What the task requires: Retype exactly what appears below from the line containing "CAB947 15.5 inches" down to the line containing "Czerwona mini sukienka", keeping both end lines. Do not include pictures.

=-=-=

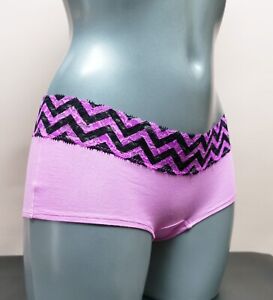La Senza Sexy Violet Contrast Lace Trim Shortie Knickers Size XS to XL (080601)
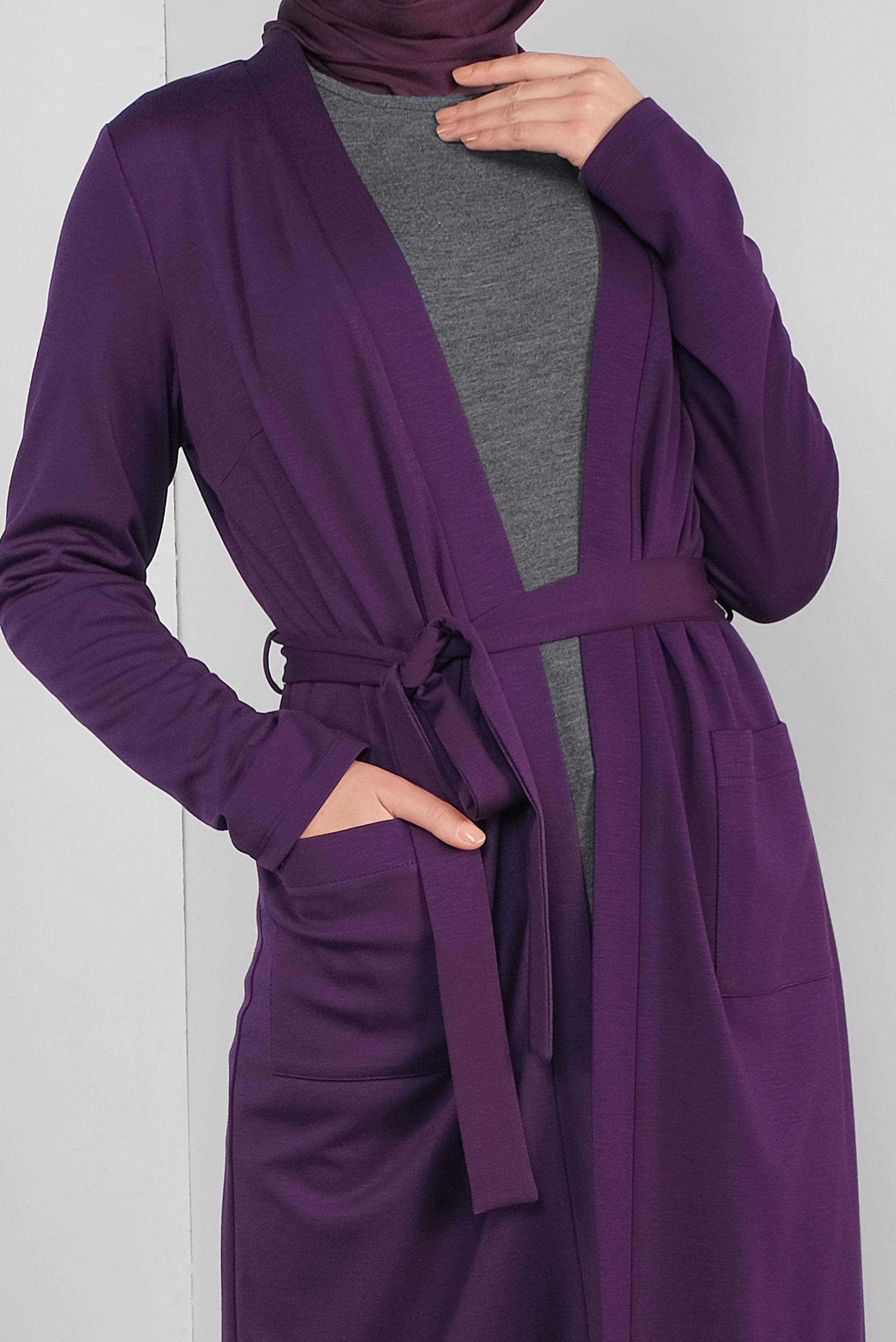 Hijab clothing PURPLE BELTED CARDIGAN WITH POCKETS 41265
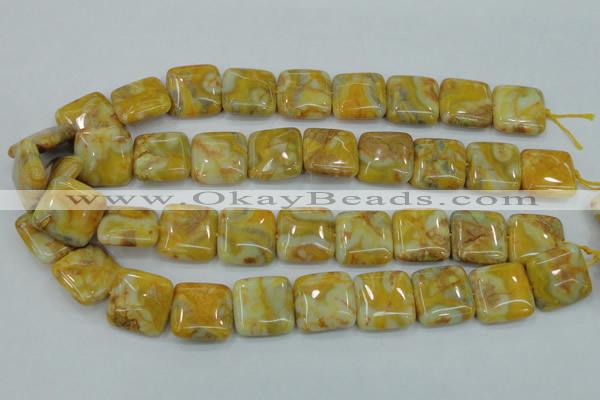 CAB947 15.5 inches 20*20mm square yellow crazy lace agate beads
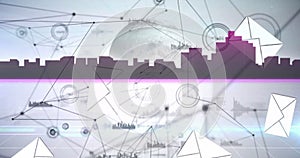 Image of globe with networks of connections and cityscape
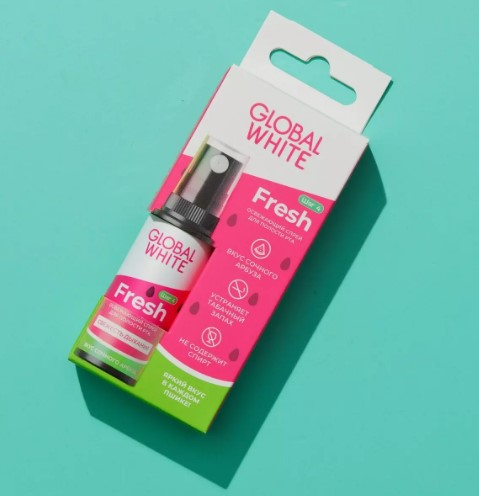 GLOBAL WHITE Fresh Освежающий спрей для полости рта со вкусом арбуза 15 мл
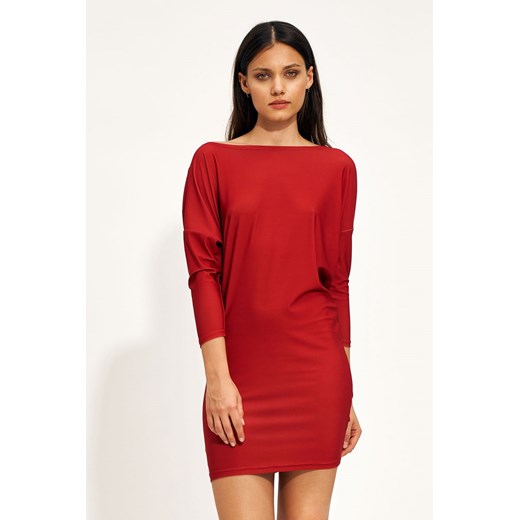 Czerwona mini sukienka typu nietoperz S215 Red (36) Nife 40 DobraKiecka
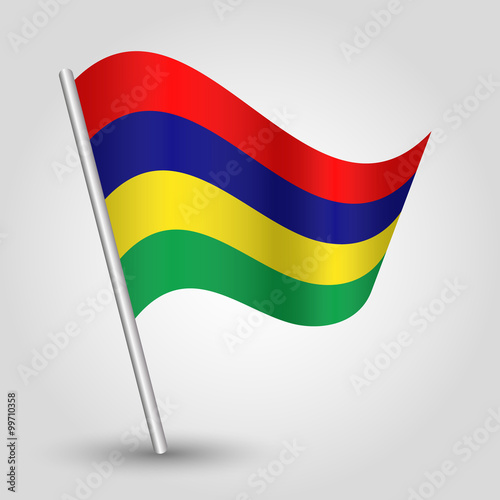 vector waving simple triangle mauritian flag on slanted pole - icon of mauritius with metal stick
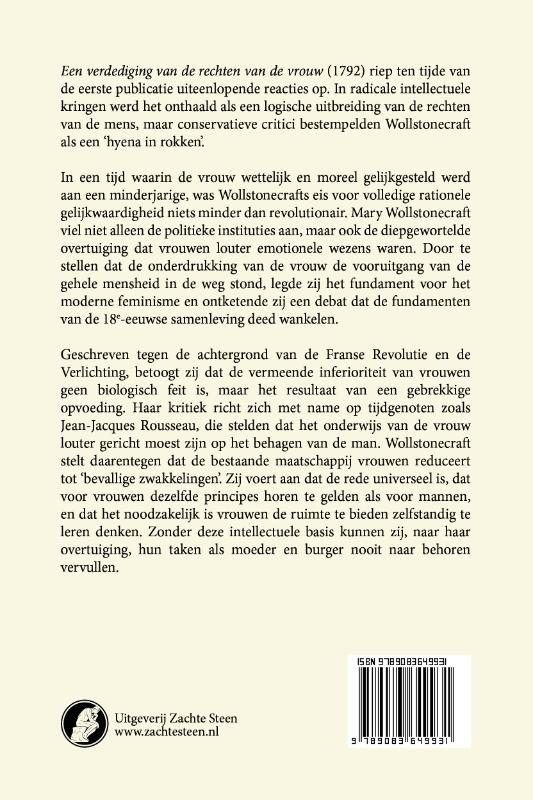 Achterkant van Een Verdediging van de Rechten van de Vrouw - A vindication of the rights of woman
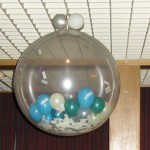 This 32 inch clear balloon was stuffed with small balloons and confetti and wired to explode remotely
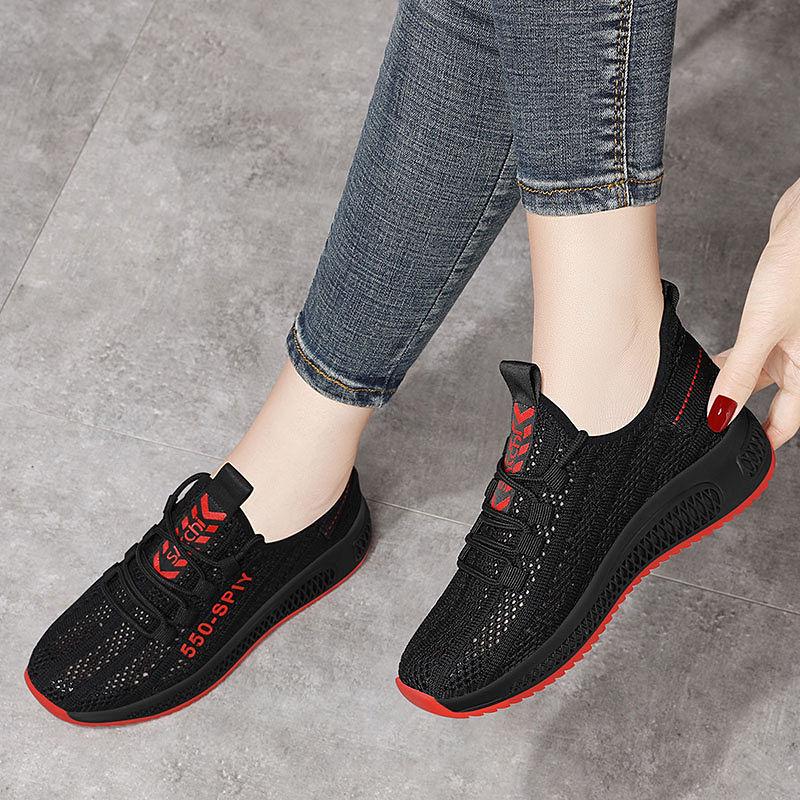 2025 Summer New Women's Casual Mesh Hole Shoes Sports Little White Shoes Breathable Running Single Shoes Mother Shoes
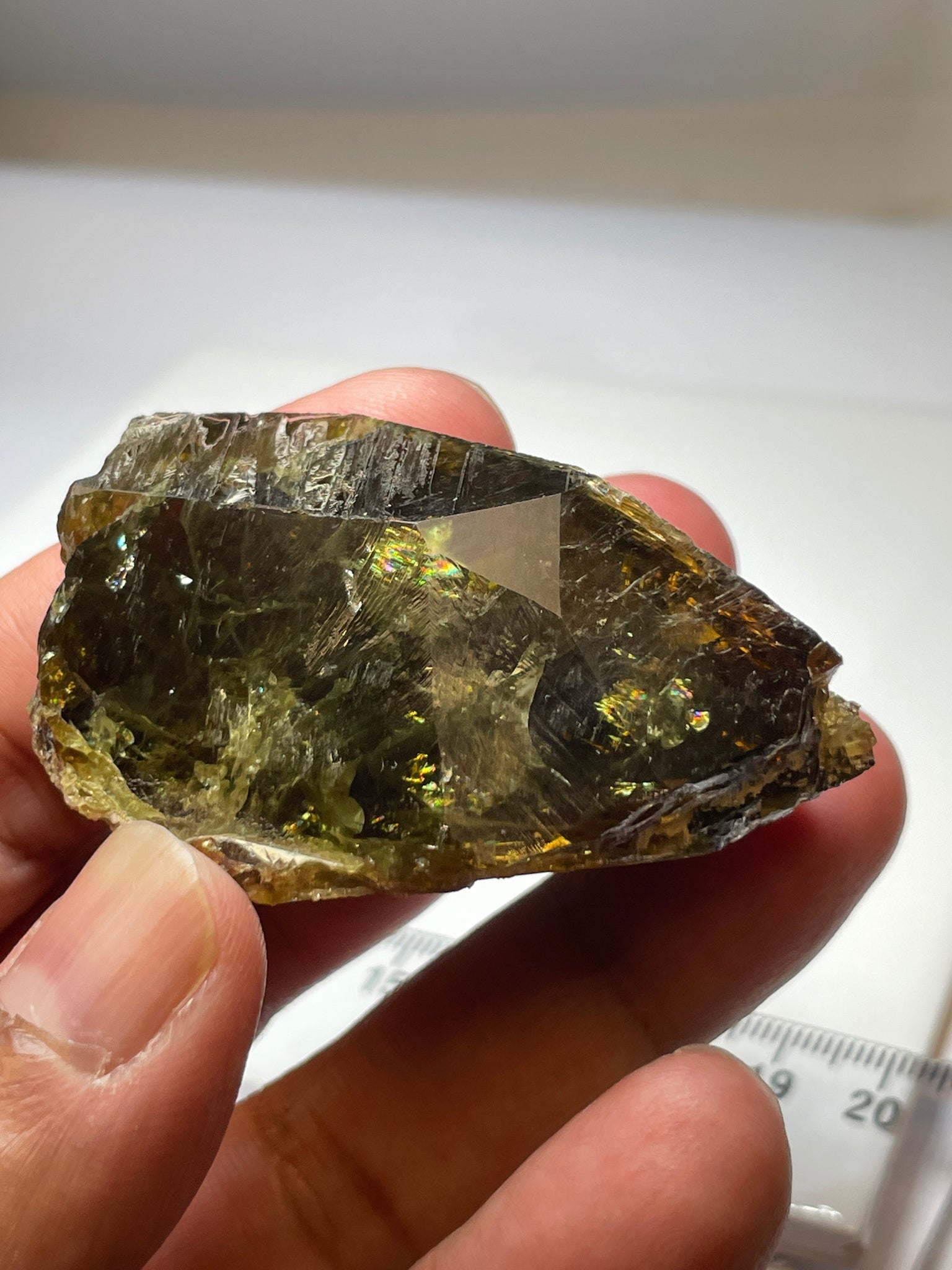 347.00Ct / 69.40Gm Tanzanian Sphene Crystal Untreated Unheated. 58.1 X 31.3 30.3Mm Very High End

=-=-=

Output for this task:
 CAB947 15.5 inches 20*20mm square yellow crazy lace agate beads
 Image of globe with networks of connections and cityscape
 GLOBAL WHITE Fresh Освежающий спрей для полости рта со вкусом арбуза 15 мл
 Czerwona mini sukienka typu nietoperz S215 Red (36) Nife 40 DobraKiecka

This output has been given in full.